Seton Hall basketball player is also a law student
A basketball player for the Seton Hall Pirates is also a 1L at the university’s law school.
The player, Braeden Anderson, shifted his focus from a possible career in the NBA when he broke his neck in a 2013 car accident, the New York Times reports. Now he is placing more emphasis on academics and hopes to work as a corporate lawyer.
Anderson graduated from Fresno State in three years, using two years of eligibility before this season. He is playing under the National Collegiate Athletic Association’s graduate transfer rule, which allows players with remaining eligibility to transfer with immediate eligibility when seeking a graduate degree in a major not offered by the current school.
A scholarship covers Anderson’s $50,000 law school tuition.
Anderson told the Times he sought refuge in basketball during high school in Canada because of an unstable home life, and transferred to a religious school in the United States in search of better opportunity.

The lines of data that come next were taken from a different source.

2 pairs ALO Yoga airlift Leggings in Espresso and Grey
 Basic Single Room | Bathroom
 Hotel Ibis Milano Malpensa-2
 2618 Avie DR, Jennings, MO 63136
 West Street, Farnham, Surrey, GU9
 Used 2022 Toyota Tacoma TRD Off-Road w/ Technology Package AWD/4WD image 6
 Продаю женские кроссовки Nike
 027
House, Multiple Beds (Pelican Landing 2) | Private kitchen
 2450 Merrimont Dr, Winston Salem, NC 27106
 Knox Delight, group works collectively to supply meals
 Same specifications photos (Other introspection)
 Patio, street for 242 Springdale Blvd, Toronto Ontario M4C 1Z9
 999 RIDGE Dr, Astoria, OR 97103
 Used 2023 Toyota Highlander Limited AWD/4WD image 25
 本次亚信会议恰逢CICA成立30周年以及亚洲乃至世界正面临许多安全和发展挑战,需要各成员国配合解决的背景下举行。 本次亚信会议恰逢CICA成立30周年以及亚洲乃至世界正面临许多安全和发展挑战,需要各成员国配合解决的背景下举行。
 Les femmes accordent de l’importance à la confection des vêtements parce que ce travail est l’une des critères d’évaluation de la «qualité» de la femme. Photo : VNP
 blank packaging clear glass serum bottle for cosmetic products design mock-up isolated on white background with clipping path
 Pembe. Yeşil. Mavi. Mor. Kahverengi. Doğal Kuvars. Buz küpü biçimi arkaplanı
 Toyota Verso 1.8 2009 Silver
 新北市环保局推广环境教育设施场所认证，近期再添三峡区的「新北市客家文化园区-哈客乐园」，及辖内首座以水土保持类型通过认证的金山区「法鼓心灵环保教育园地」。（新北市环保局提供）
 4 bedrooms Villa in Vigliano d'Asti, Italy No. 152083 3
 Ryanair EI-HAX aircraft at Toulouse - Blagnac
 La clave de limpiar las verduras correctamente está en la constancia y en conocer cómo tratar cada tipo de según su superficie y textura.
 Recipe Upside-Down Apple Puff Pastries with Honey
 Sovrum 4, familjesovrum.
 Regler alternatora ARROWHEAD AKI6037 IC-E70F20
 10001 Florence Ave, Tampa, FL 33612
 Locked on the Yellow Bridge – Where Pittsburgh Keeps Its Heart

A broadcast investigation later alleged Anderson and other players were misled by a coach who created a bogus school with a name similar to that of a nearby school. Recruited by Kansas, he was ruled academically ineligible because of the findings.
Anderson decided to attend Fresno State. After the 2013 accident in a teammate’s truck, he underwent four major operations during a rehabilitation took nine months.
“I realized that people are governed by this narrow-minded vision of what they think people can do,” Anderson told the Times. “I’ve learned to shatter those boundaries.”